Les affiches lacérées ont aussi l’intérêt d’évoquer leur époque.
Elles sont des témoins qui ravivent nos souvenirs et nous mettent
en empathie avec elles. Certaines œuvres sont gigantesques, telle
Carrefour Sèvres-Montparnasse qui mesure 319 x 810 cm, et
donnent une idée de la difficulté à arracher et à transporter une
telle masse de papier. Une photo nous montre d’ailleurs Villeglé
en plein effort, suspendu à l’affiche comme un alpiniste sous une
corniche ! Si ce sont des mains anonymes qui ont lacéré les affiches,
leur choix est orienté par l’artiste qui crée ainsi des thèmes :
« Sans lettre, sans figure » ou « Transparences »
par exemple. La salle consacrée aux œuvres politiques où, à la lacération,
s’ajoutent des caviardages et des bombages, transformant par exemple
François Mitterrand en Hitler, restitue l’histoire de ces décennies.
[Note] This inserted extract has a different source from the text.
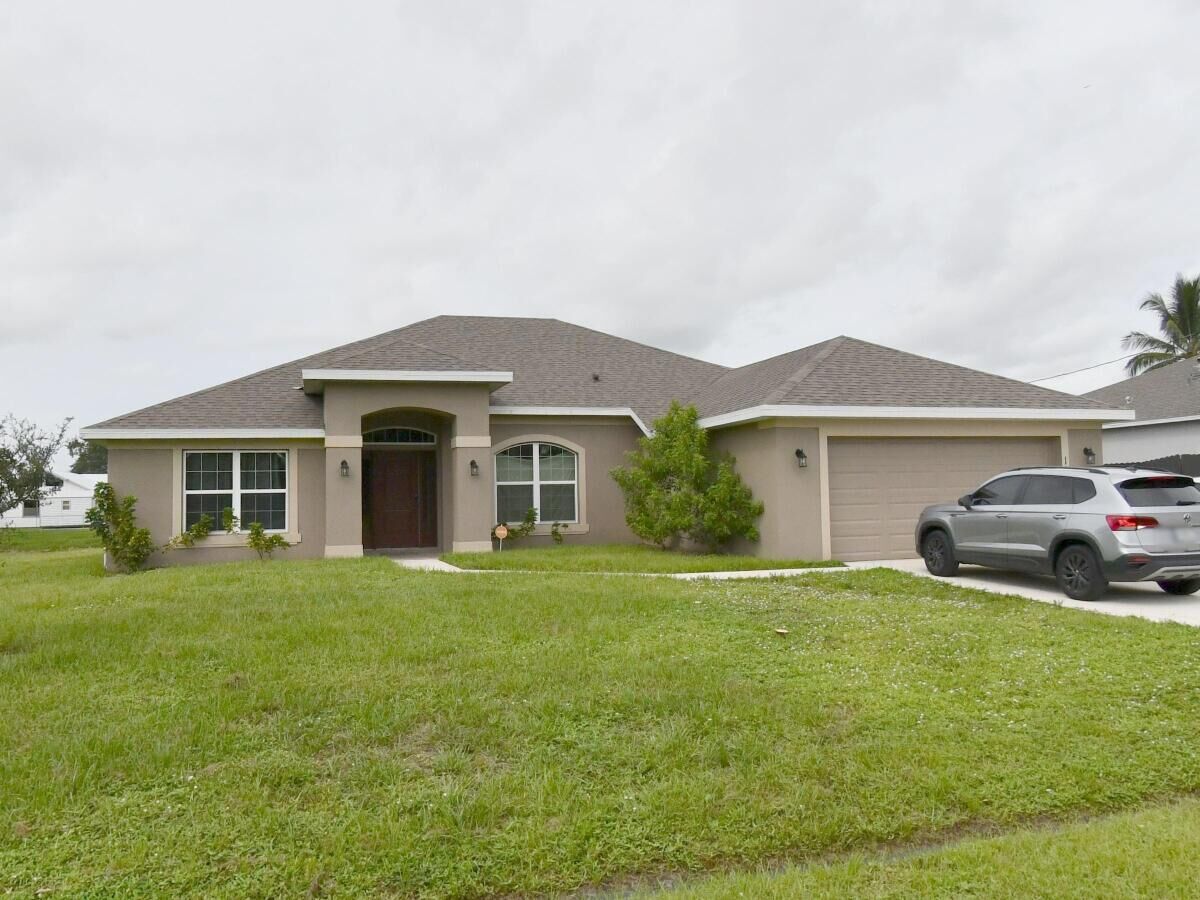 Property Photo:  1898 SW Monterrey Lane  FL 34953 
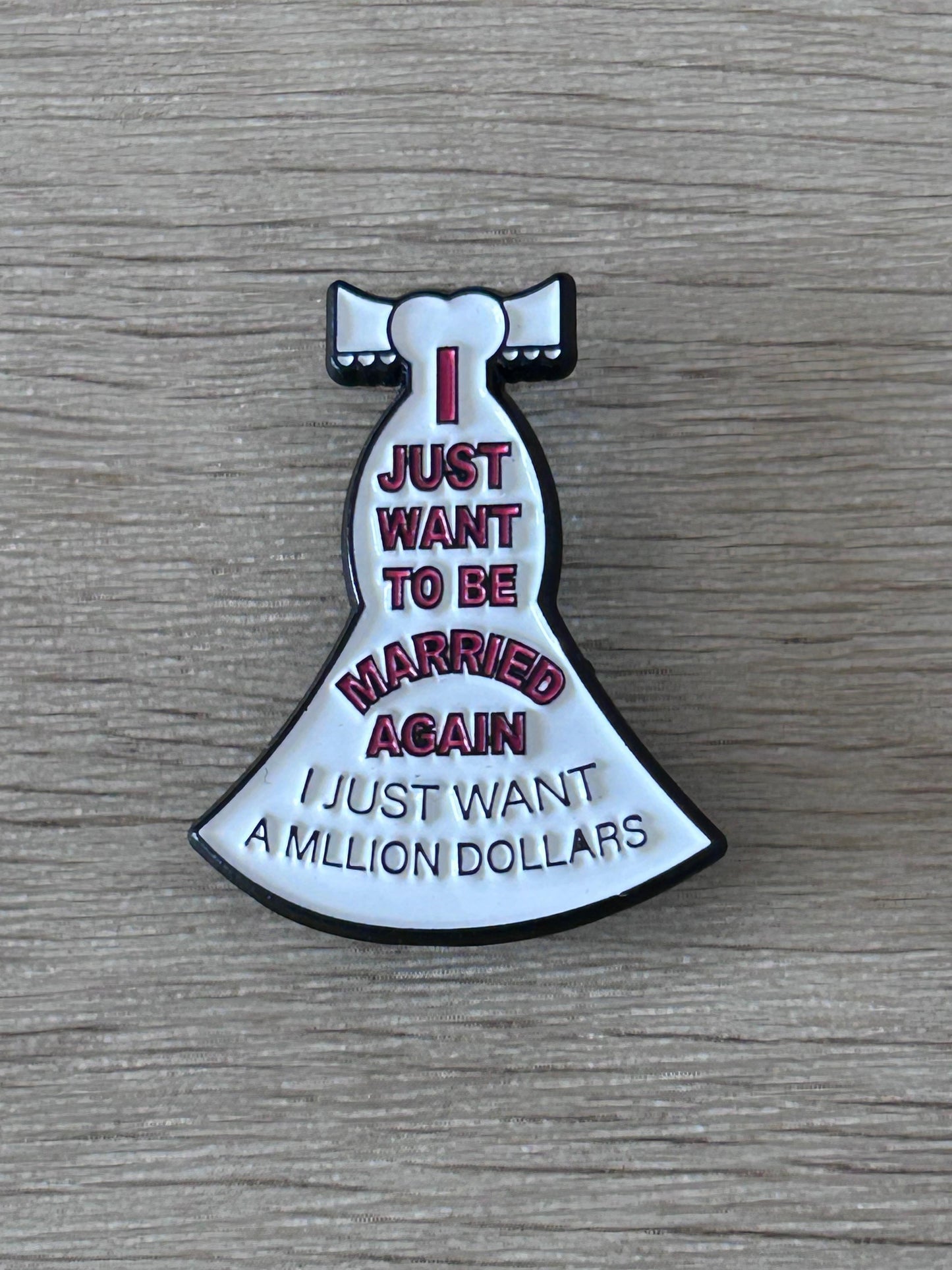 Broche robe noire émaillée, manches courtes, texte « married again »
Avec les nouveaux modes d’affichage et la disparition quasi systématique
de l’affichage sauvage, Villeglé a perdu son matériau à Paris, puis
en province et même à l’étranger et a cessé ce type d’œuvres en
2003.
A coté des affiches lacérées, l’exposition nous montre plusieurs
films réalisés par Villeglé, certains en collaboration avec des
musiciens comme Pierre Schaeffer, un autre, Un mythe dans la
ville, à partir de l’Hourloupe, petit personnage dessiné par
Jean Dubuffet et présentant une exposition dont Villeglé arrache
les affiches (!) et son œuvre relative à l’alphabet dont il transforme
les lettres en créant ainsi des polices extravagantes. Une exposition
à voir absolument si l’on s’intéresse à l’art contemporain. Centre
Pompidou 4e. Jusqu’au 5 janvier 2009. Pour
voir notre sélection de visuels, cliquez ici. Lien
: www.centrepompidou.fr.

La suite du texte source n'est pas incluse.